I have about 30,000 vectors and each vector has about 300 elements.


For another vector (with same number elements), how can I efficiently find the most (cosine) similar vector?


This following is one implementation using a python loop:

from time import time
import numpy as np

vectors = np.load("np_array_of_about_30000_vectors.npy")
target = np.load("single_vector.npy")
print vectors.shape, vectors.dtype  # (35196, 312) float3
print target.shape, target.dtype  # (312,) float32

start_time = time()
for i, candidate in enumerate(vectors):
    similarity = np.dot(candidate, target)/(np.linalg.norm(candidate)*np.linalg.norm(target))
    if similarity > max_similarity:
        max_similarity = similarity
        max_index = i
print "done with loop in %s seconds" % (time() - start_time)  # 0.466356039047 seconds
print "Most similar vector to target is index %s with %s" % (max_index, max_similarity)  #  index 2399 with 0.772758982696


The following with removed python loop is 44x faster, but isn't the same computation:

print "starting max dot"
start_time = time()
print(np.max(np.dot(vectors, target)))
print "done with max dot in %s seconds" % (time() - start_time)  # 0.0105748176575 seconds


Is there a way to get this speedup associated with numpy doing the iterations without loosing the max index logic and the division of the normal product? For optimizing calculations like this, would it make sense to just do the calculations in C?

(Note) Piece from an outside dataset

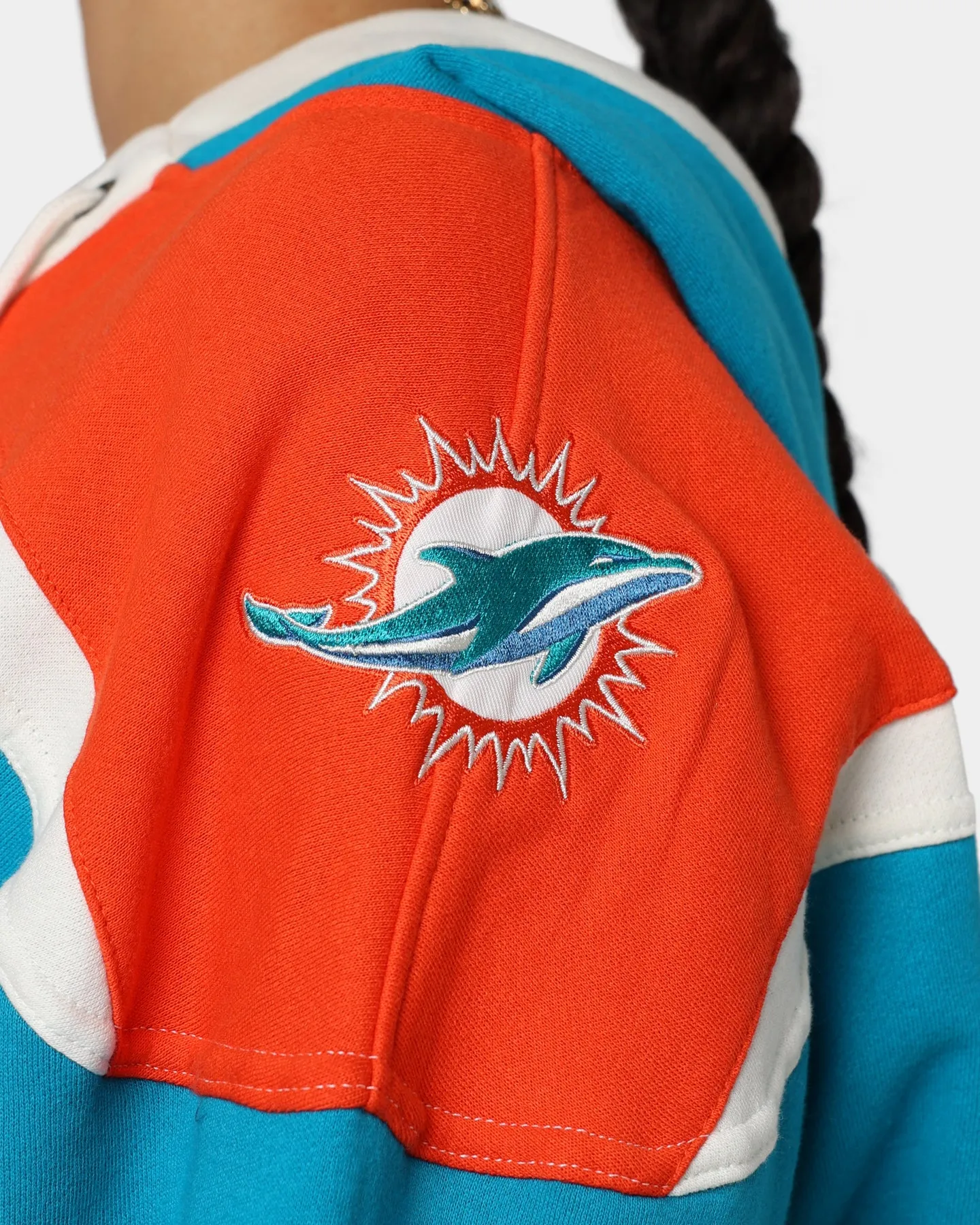 47 Brand Miami Dolphins Superior Lacer Hoodie Neptune/Orange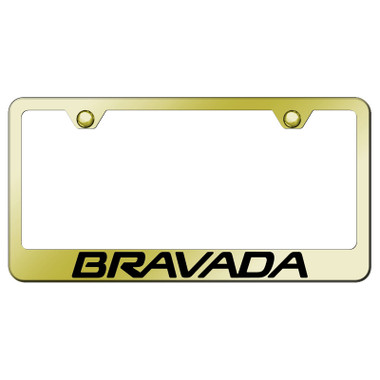 Au-TOMOTIVE GOLD | License Plate Covers and Frames | Oldsmobile Bravada | AUGD8100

You have the correct idea about avoiding the loop to get performance. You can use argmin to get the minimum distance index.

Though, I would change the distance calculation to scipy cdist as well. This way you can calculate distances to multiple targets and would be able to choose from several distance metrics, if need be.

import numpy as np
from scipy.spatial import distance

distances = distance.cdist([target], vectors, "cosine")[0]
min_index = np.argmin(distances)
min_distance = distances[min_index]
max_similarity = 1 - min_distance